Expecting our Little Brother in November!

pregnancy calendar

Saturday, June 4, 2011

Realities of Motherhood

Yes I breastfeed and cloth diaper and I'm super into the environment and babies. With this said, being a Mom is more than a job. You're on call 24/7 and that means it's not your job, it's your life. And people who work hard might almost be able to be perfect at their job. But you can never be perfect at life. When it's 24/7 you HAVE to mess up. On mistake and on purpose. We all have, and need, our vices, whether they are TV or wine or spilling our soul on the internet--or even more frequently, as in my case, all of these and more.

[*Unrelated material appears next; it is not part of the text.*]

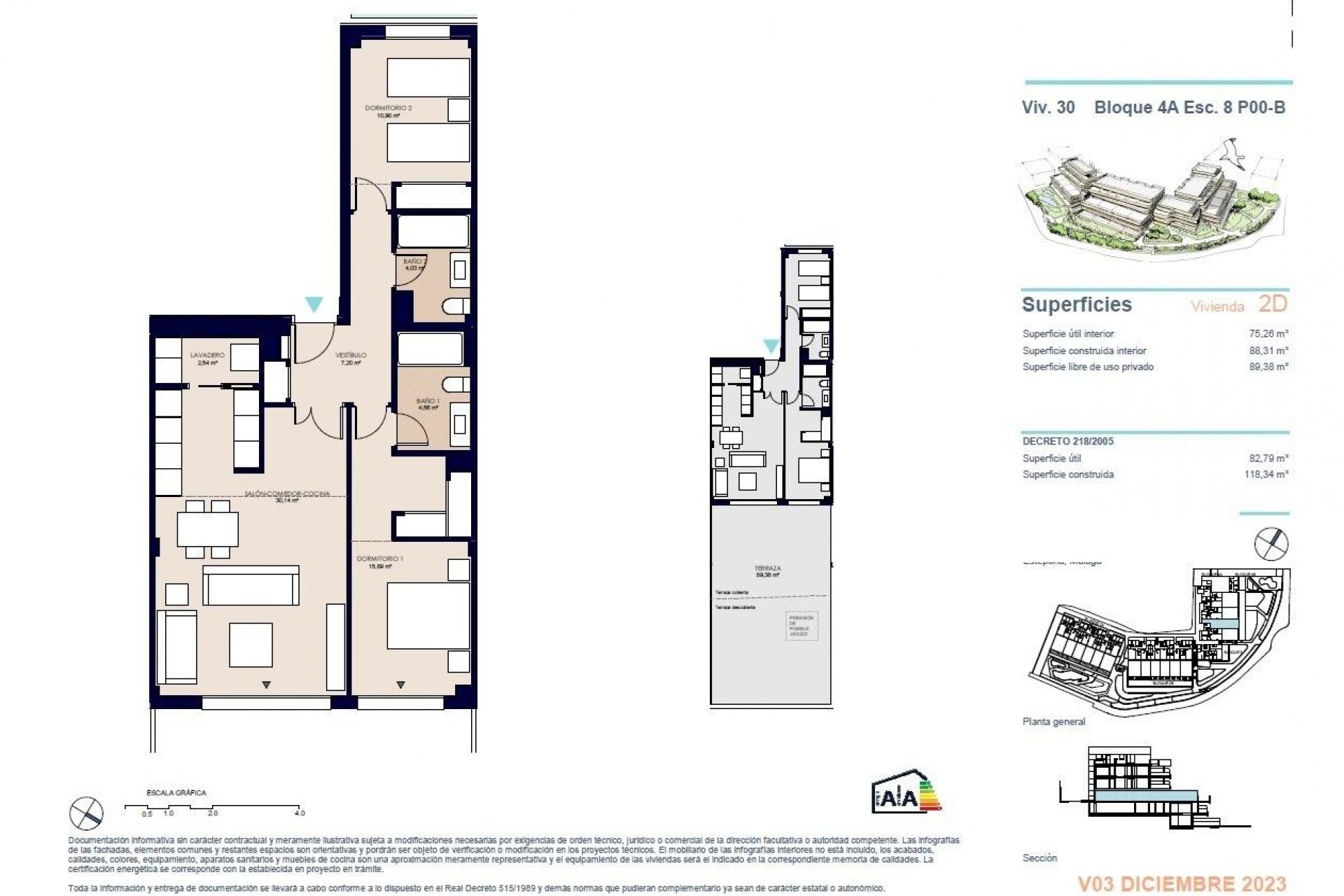 Neue Gebäude - Apartment - Estepona - Las Mesas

I think because I have this blog, had a home birth, am really into breastfeeding, etc, people think of me (sometimes) as some kind of "Mother Earth" (a friend recently actually called me this in person) . . . but let's get serious here. I think the vast majority of differences between people, parents, mothers, is superficial. Show me an "attachment parent" who has NEVER had to leave the baby to cry while he/she took a minute, took a walk, deep breaths . . . Meanwhile, show me the average CIO parent and I think you'll see someone who loves to hold their baby, would NOT leave a baby to cry hysterically without consolation, but has realized that their baby falls asleep faster if left alone to fuss for a minute. I think most of us are somewhere in the middle--I could be described as EITHER of the above parents. So it's all just labels to me, little degrees of differences.

I am FAR FAR FAR from perfect. Like all of us I don't advertise my flaws. Though if you think my obsession with organizing, cleaning, and list-making is out of no where you would be mistaken--it's true I am very messy. But I can pull my life together when I have guests so it's fine, haha. But that's the least of them.

The truth is that we HAVE to give ourselves a break. Otherwise the Mommy guilt will drive us crazy!

I'm giving myself a break right now in fact. James just came and asked me to take the baby so he could take a shower, and I was basically like HELL NO. I was really tired and fell asleep nursing him last night, so I feel like I haven't had a minute of "me" time since . . . like Wednesday.

I've been out to eat with friends and with James a few times lately but since it's ALSO with the baby, I feel like I never relax during the meal between having to wrestle him into a high chair, bringing all his utensils and bib, keeping him from grabbing everything, finding foods he can eat so he doesn't go insane, monitoring him during the meal to make sure he doesn't choke, retrieving the utensils repeatedly from the floor, having also to nurse him at least once during the meal, having to wipe his hands, arms, face, head, and probably change his clothes after, having also to wipe the table because the poor waitress didn't sign up for that, and then having to pack up baby and gear . . .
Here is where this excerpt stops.